++++ Data excerpt

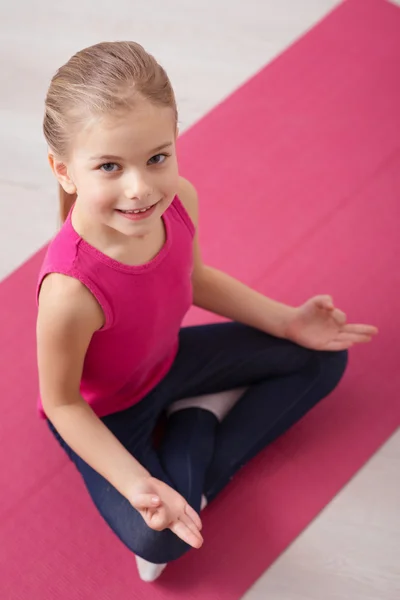 Entraînements de yoga domestique avec petite fille — Photo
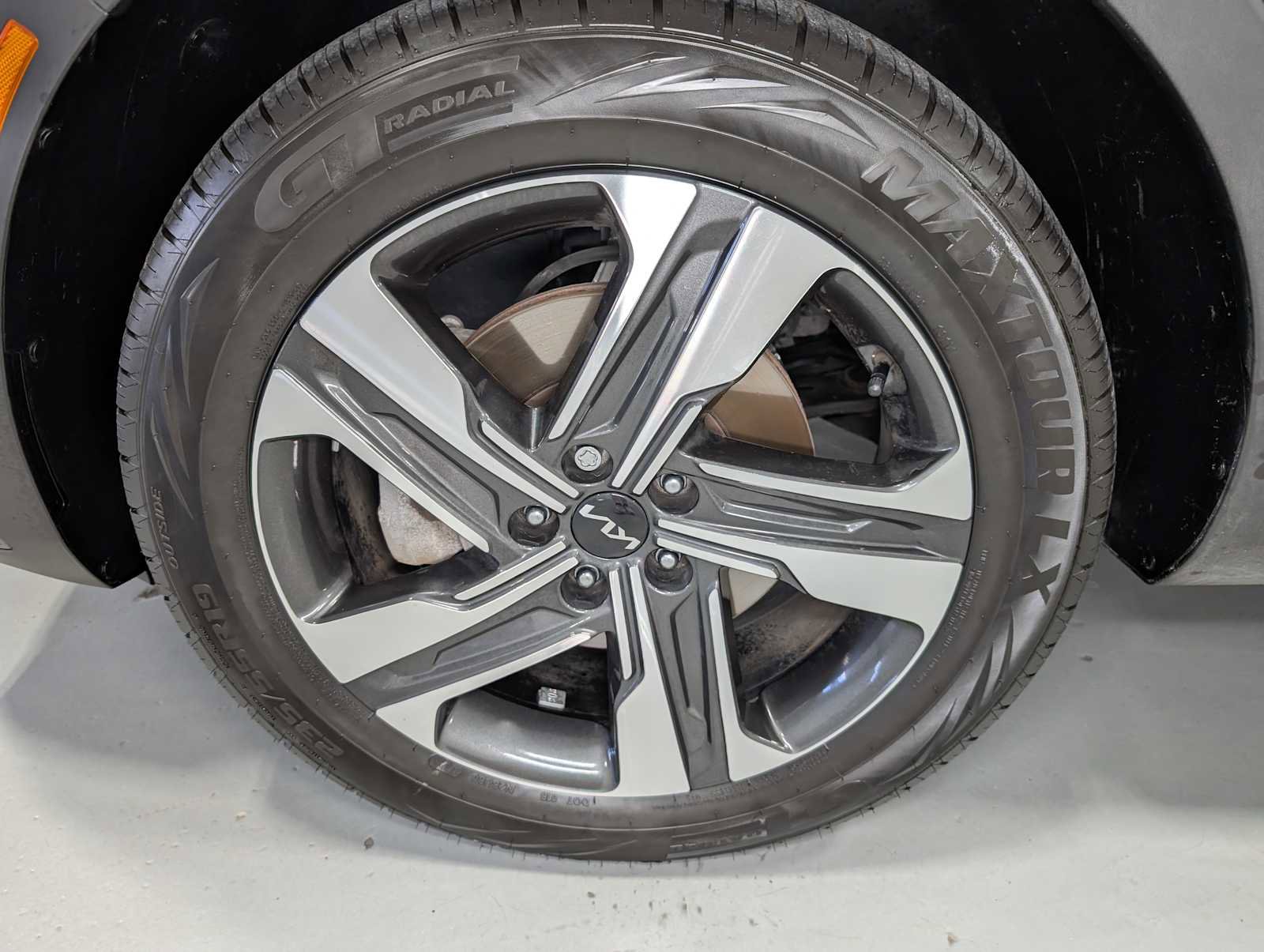 Certified 2023 Kia Sorento EX image 3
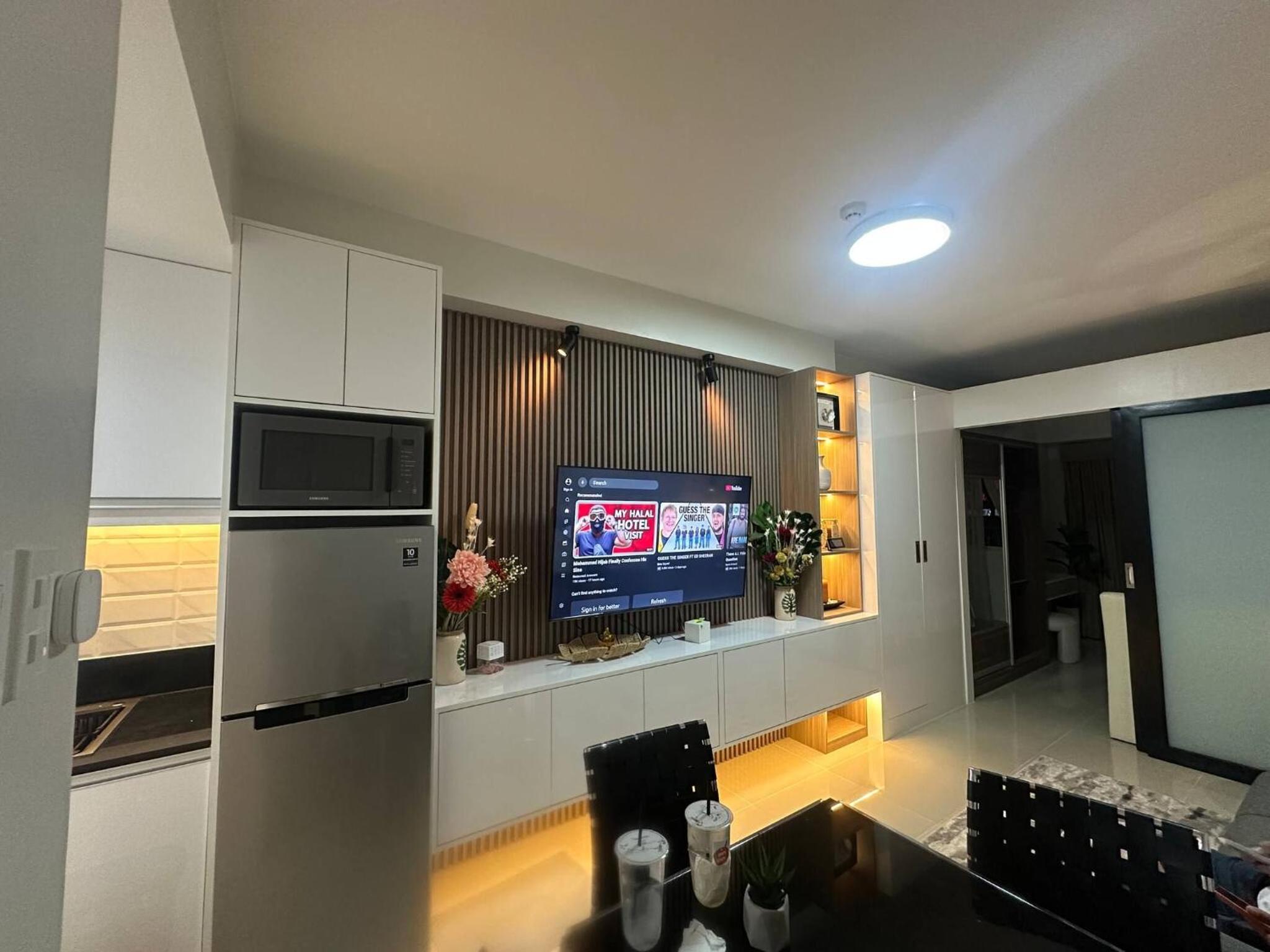 Chic Retreat in Pasay City - Scandinavian with Balcony facing Mall Of Asia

++++++++

» **Exercise details**: Pictures are to be dropped, and the lines from the line with "Certified 2023 Kia Sorento EX image 3" through the end of the material above are to be reproduced exactly.

» **Task output**:
 Certified 2023 Kia Sorento EX image 3
 Chic Retreat in Pasay City - Scandinavian with Balcony facing Mall Of Asia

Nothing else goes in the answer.